- Born: Kalluvathukkal, kollam district, Kerala, India
- Education: Mahatma Gandhi University
- Occupation: Actress
- Years active: 2012 – present
- Spouse: Sunil Bernard

= Manju Pathrose =

Indian actress

Manju Pathrose is an Indian supporting actress who appears in Malayalam television and films.

== Career ==
Manju Pathrose's first foray into acting came in 2003 following a chance encounter. While the casting team for A. K. Lohithadas film Chakram caught sight of her photographs from a dance performance, the role ultimately didn't materialize. Undeterred, Manju made her official television debut in the second season of the reality TV show Veruthe Alla Bharya on Mazhavil Manorama. This platform proved instrumental in securing her first television acting role, a character in the popular comedic sitcom Marimayam on the same channel. This marked her breakout performance and established her as a talented actress.
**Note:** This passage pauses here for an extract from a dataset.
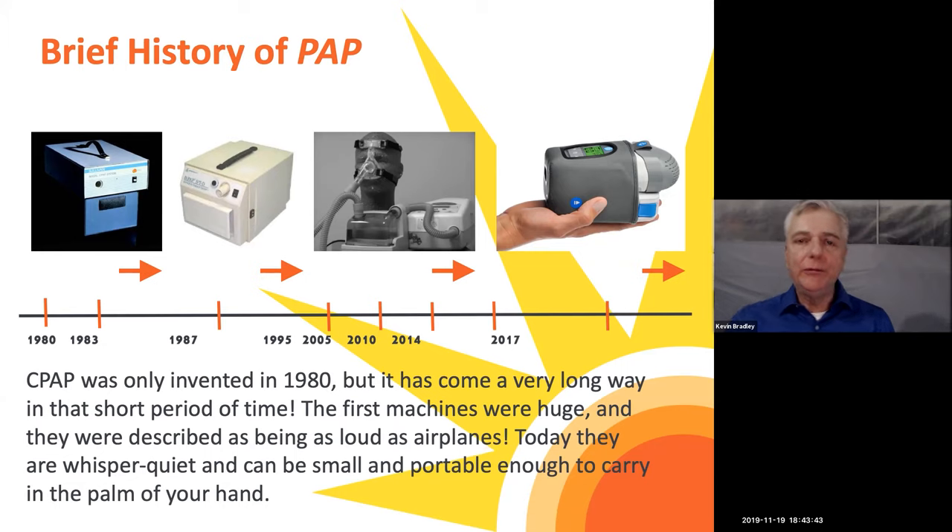A brief history of PAP: when these machines started off in 1980, they were huge. I remember being a nurse in San Francisco in an ICU in the 90s, and someone brought in a machine — it was so loud and massive, and I wondered how their sleep partner even got to sleep. Teresa reminded me that some people actually used to put the machine in another room and put holes through the wall so they wouldn't hear the noise. Now they've progressed to the point where some machines can fit in the palm of your hand and are more portable, especially for travel.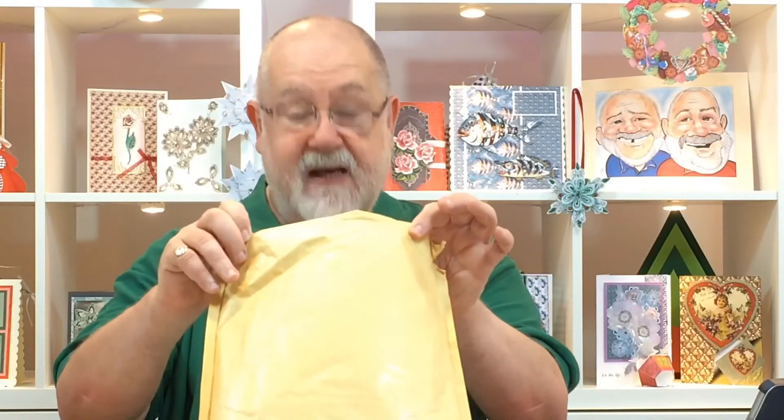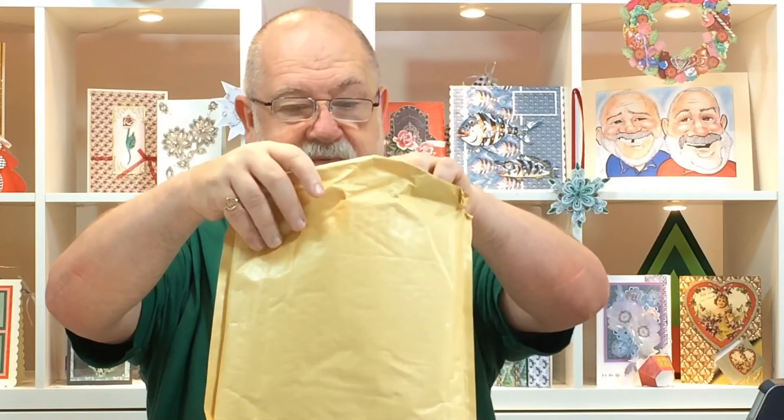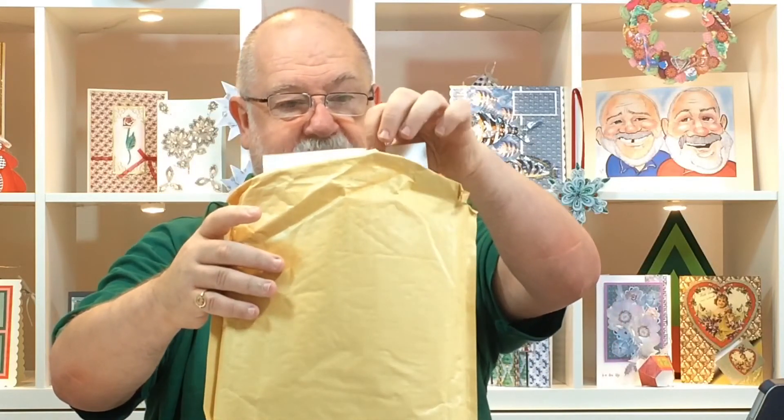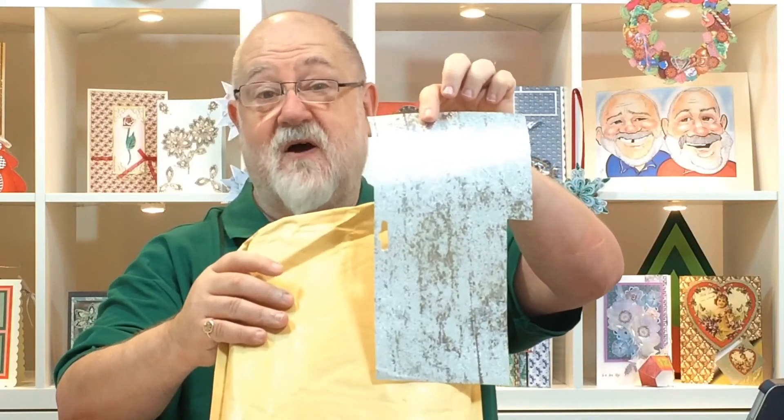Each of them will have different and varying amounts, and each of them will be very different. But this particular configuration is seven pounds and 99 pence, postage and packing paid. And I can tell you, it's absolutely stuffed. Shall I just show you just one of the items from this particular one? That's just one of the off cuts, and these envelopes are packed — but it's not just off cuts.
Manju continued to flourish in the sitcom genre, appearing in shows like Mayamohini and Kunnamkulathangaadi. Her portrayal of Thankam in Aliyan vs Aliyan garnered critical acclaim and earned her the prestigious Kerala State Television Awards (Special Jury Award).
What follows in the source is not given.